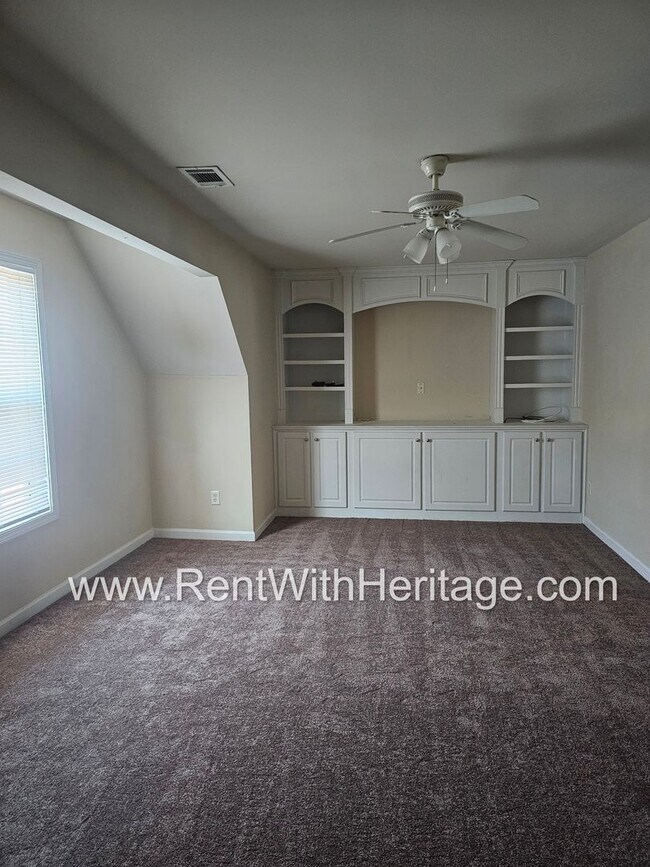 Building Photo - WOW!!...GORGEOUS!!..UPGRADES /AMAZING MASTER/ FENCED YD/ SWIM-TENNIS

==================================================

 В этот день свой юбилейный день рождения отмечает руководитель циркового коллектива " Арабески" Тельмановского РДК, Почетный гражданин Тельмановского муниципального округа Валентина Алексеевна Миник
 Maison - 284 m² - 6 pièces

==================================================

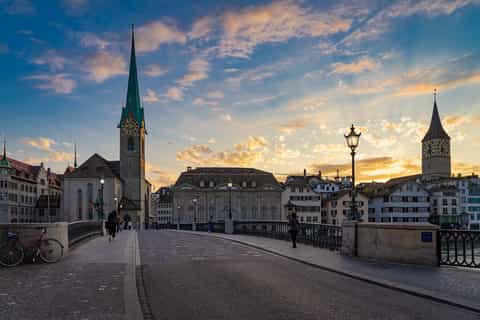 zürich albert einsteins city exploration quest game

==================================================

Would you copy out exactly the lines above that start at the one containing "В этот день" and end at the one containing "Maison - 284 m² - 6 pièces", inclusive?

**Exercise response**.
 В этот день свой юбилейный день рождения отмечает руководитель циркового коллектива " Арабески" Тельмановского РДК, Почетный гражданин Тельмановского муниципального округа Валентина Алексеевна Миник
 Maison - 284 m² - 6 pièces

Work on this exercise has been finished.